Rising fuel prices and the failure of the government to increase the Approved Mileage Allowance Payments (AMAP) rates to reflect this have been cited as the main factors behind the decrease in grey fleet business miles.
According to analysis of data from The Miles Consultancy’s online tracking of drivers’ mileage, there has been a 12.2% reduction in mileage over the past six months.
“Rising fuel prices have underlined the fact that HM Revenue and Customs’ (HMRC) AMAP rates – the cash allowances employers pay to their staff for using their own cars for work – are failing to keep pace with drivers’ costs,” said Paul Jackson, managing director of The Miles Consultancy.
AMAP rates, which are tax and national insurance free, arer set at 40p for the first 10,000 miles travelled and 25p thereafter.
They have not increased in the last six years, despite an exhaustive review carried out by HMRC last year.
Anecdotal evidence suggests that employees are becoming increasingly resistant to using their own vehicles, as many feel they are not being fairly compensated for doing so.
“One utility company is getting 30 drivers complain ever day,” said Mr Jackson.
Two months ago the Royal College of Nursing called on the chancellor to increase AMAP rates.
However, the chancellor cannot increase rates until the next budget, although there are expectations that he will make an announcement in the pre-Budget report in October relating to AMAP rates.
Such is the disquiet among grey fleet drivers that NHS Employers, which represents the country’s health services employers, is expected to announce shortly that it will increase its in-house mileage payments to help compensate for the increased costs facing drivers.

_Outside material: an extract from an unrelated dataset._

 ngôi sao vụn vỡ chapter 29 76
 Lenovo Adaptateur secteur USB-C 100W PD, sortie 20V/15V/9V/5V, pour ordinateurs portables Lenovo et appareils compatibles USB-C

According to estimates, the actual cost of running a car that covers 10,000 miles is £6,300 compared with the £4,000 a driver would receive under AMAP rates.
“It’s hardly surprising that drivers are scared to clock up the business miles they may have been doing in the past, because they are finding themselves subsidising the cost of business travel out of their own pockets,” said Mr Jackson.
“AMAP rates need to recognise the real cost to drivers.”